On June 26, 1975, Anchor Brewing Co. in San Francisco bottled 530 cases of what its owner, Fritz Maytag, called Liberty Ale. It had been released in draft in April to mark the 200th anniversary of Paul Revere’s ride through Greater Boston.
Ironically enough, given its commemoration of the start of the American Revolution, complete with a screaming eagle on the label above a shield of the old red, white and blue, Liberty Ale drew its inspiration from a British beer. Maytag and Gordon MacDermott, Anchor’s general manager, had traveled to England to check out styles perhaps worth imitating back in the U.S.
They found one in Landlord, an ale from the Timothy Taylor brewery in West Yorkshire. Garrett Oliver, Brooklyn Brewery’s brewmaster, has described Landlord as “a bitter with a color of pale honey and a wonderful aroma of hay, earthy with deliciously bready grain flavors lingering in the aftertaste.” A fruitiness born of a “very full-flavored hop presence” distinguished Landlord, according to Oliver.
It was a hop presence that would distinguish Liberty Ale as well—one hop in particular.
Maytag & Co. chose Cascade, a relatively young aroma hop developed at the USDA research hub in Corvallis, OR, and initially used by Coors in 1972. That marked the first time that an American-made aroma hop did the work of giving a commercial beer its bouquet. (Quick technical lesson: Hops are generally added in brewing for two purposes: to make beer bitter or to make it smell a certain way; until Cascade, no American-made hops had the honor of the latter.)
While Coors used a relatively small amount of Cascade, Anchor went long, crafting a beer several times more bitter than most of the domestically made beers available in the U.S. then. Liberty Ale, for instance, was about four times as bitter as Miller Lite, which had also been introduced in 1975.
Today, of course, Liberty Ale might seem mild to many consumers used to much bitterer, and stronger, ales. Those hopped-up India pale ales, however, unknowingly or not, took their stylistic cues from that pioneering Anchor Liberty Ale first bottled exactly 39 years ago.

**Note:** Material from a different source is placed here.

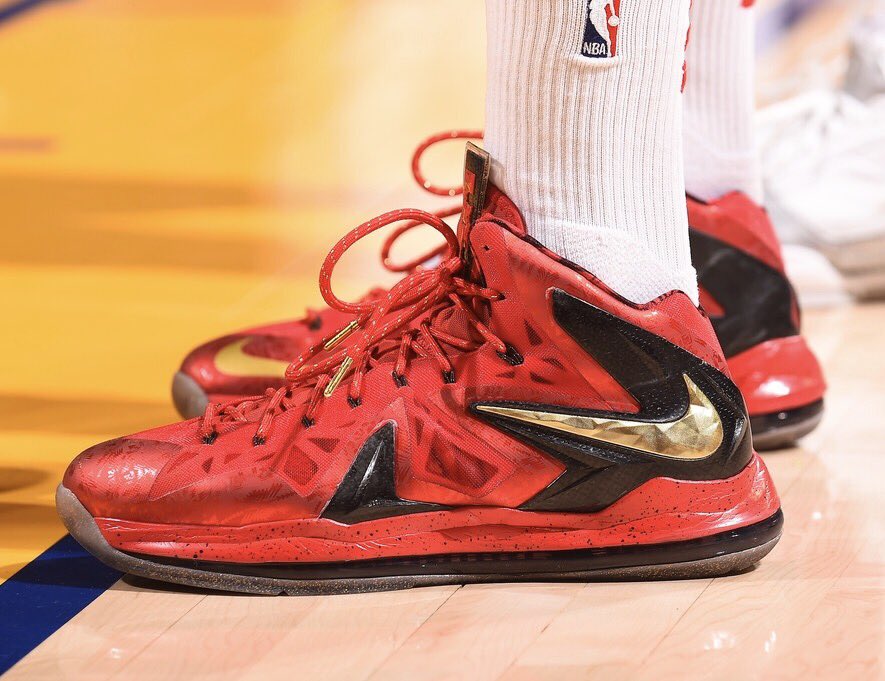 lebron x harden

As for that first bottling run, sales were modest. America wasn’t quite ready yet for a beer so bitter, no matter how refreshing. (Miller Lite’s sales, on the other hand, ballooned and then ballooned some more.) Anchor renamed Liberty Ale “Our Special Ale” (indeed). It did not re-emerge as Liberty Ale until the summer of 1983. That bottling run was nearly 3,000 cases.